§ Task instructions
Using the data that follows, output only the lines from the line with "Fotografii de Iarnă." up to and including the line with "Es Uber lo amenazaron", exactly, leaving pictures aside.

§ Records for this task
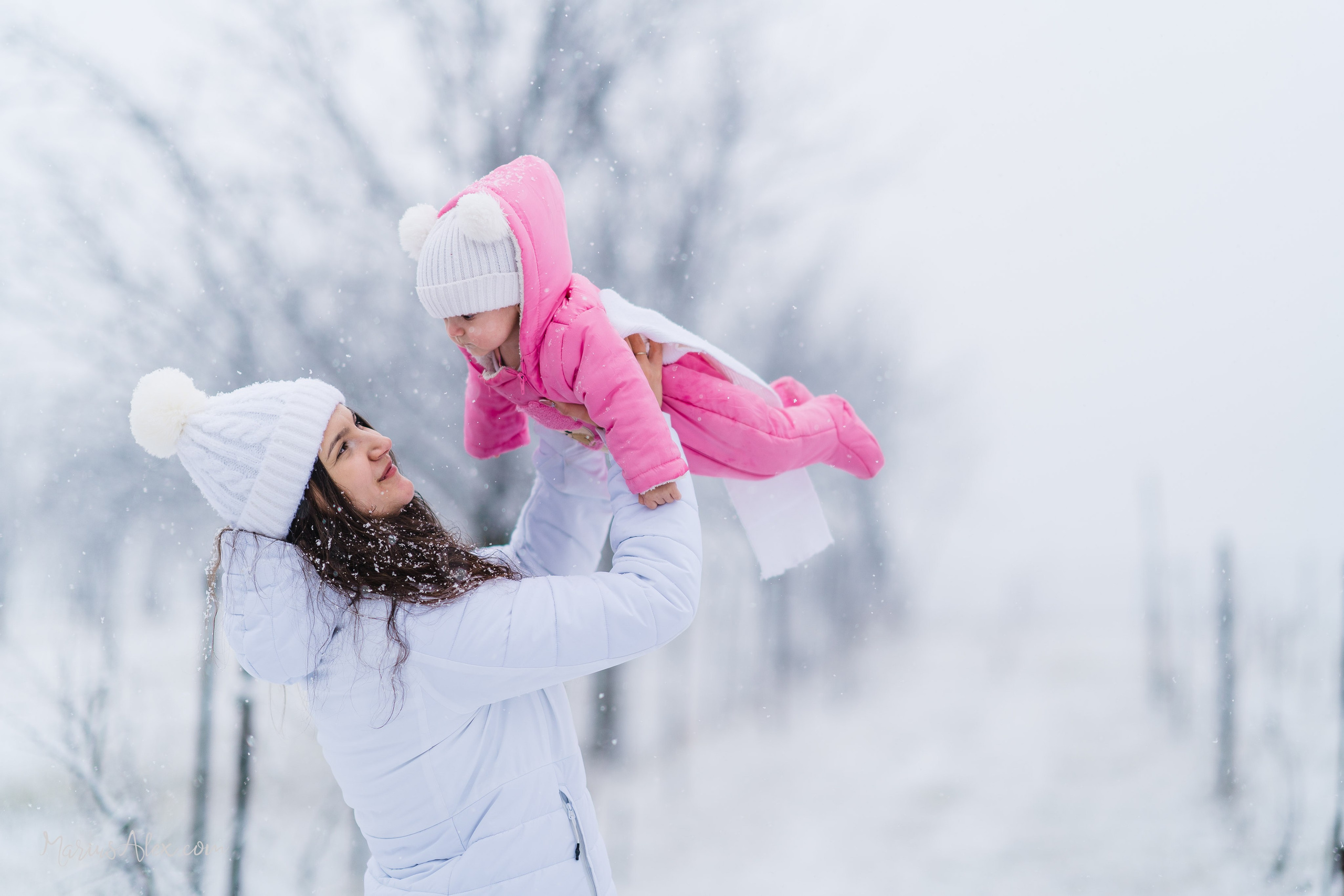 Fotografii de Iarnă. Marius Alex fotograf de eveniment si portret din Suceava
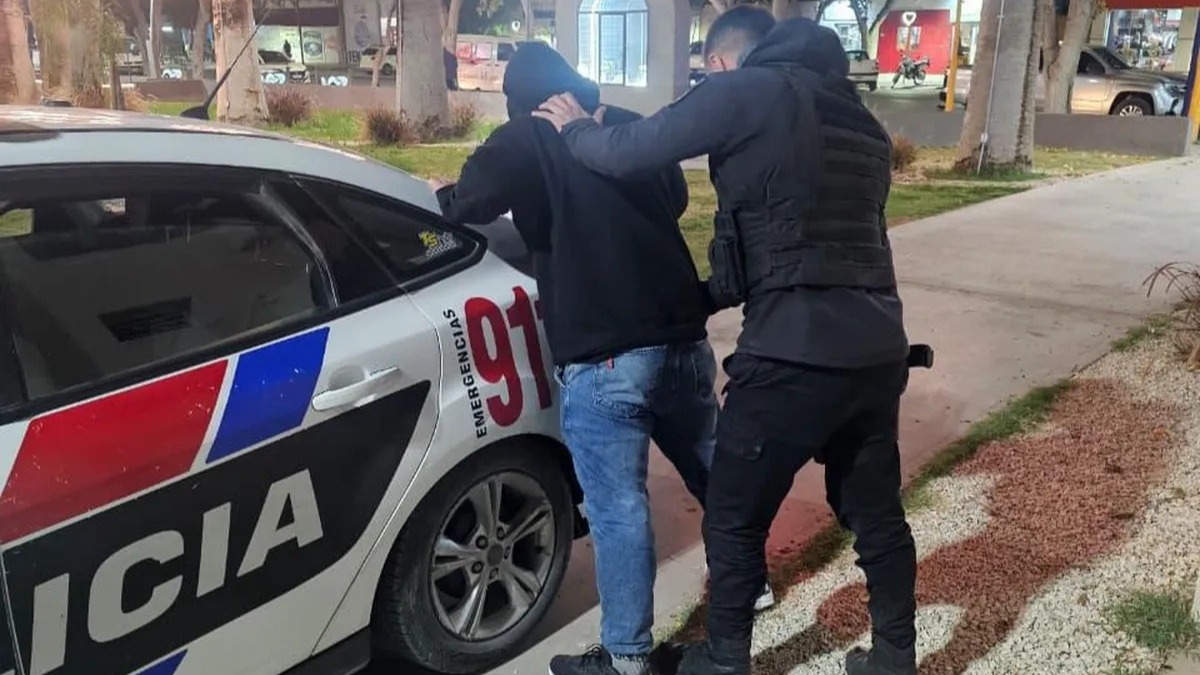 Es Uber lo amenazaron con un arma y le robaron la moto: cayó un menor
---
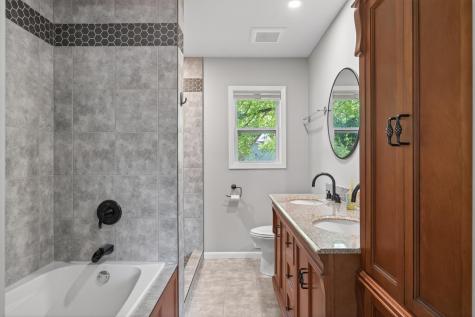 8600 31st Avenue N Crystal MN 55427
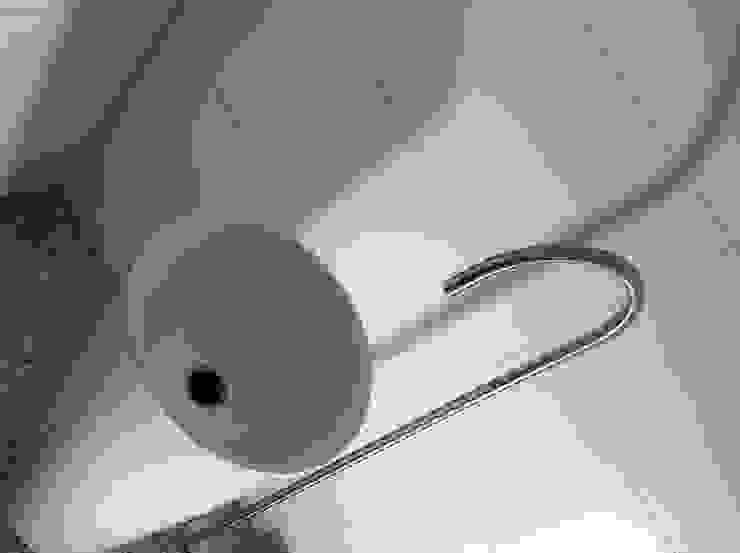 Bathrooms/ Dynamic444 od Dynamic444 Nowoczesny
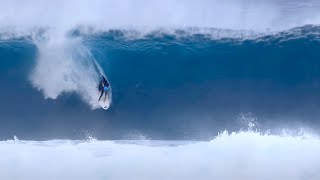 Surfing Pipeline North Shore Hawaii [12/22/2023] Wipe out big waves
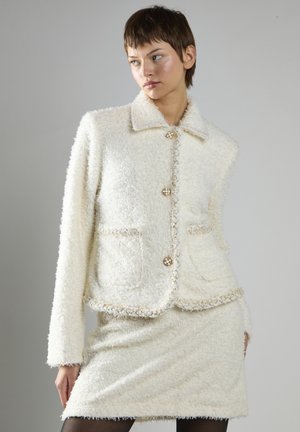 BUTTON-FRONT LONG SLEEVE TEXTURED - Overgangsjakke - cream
==
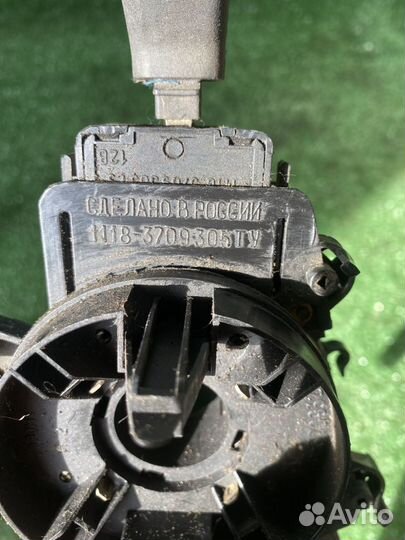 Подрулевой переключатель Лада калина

§ Written answer
 Fotografii de Iarnă. Marius Alex fotograf de eveniment si portret din Suceava
 Es Uber lo amenazaron con un arma y le robaron la moto: cayó un menor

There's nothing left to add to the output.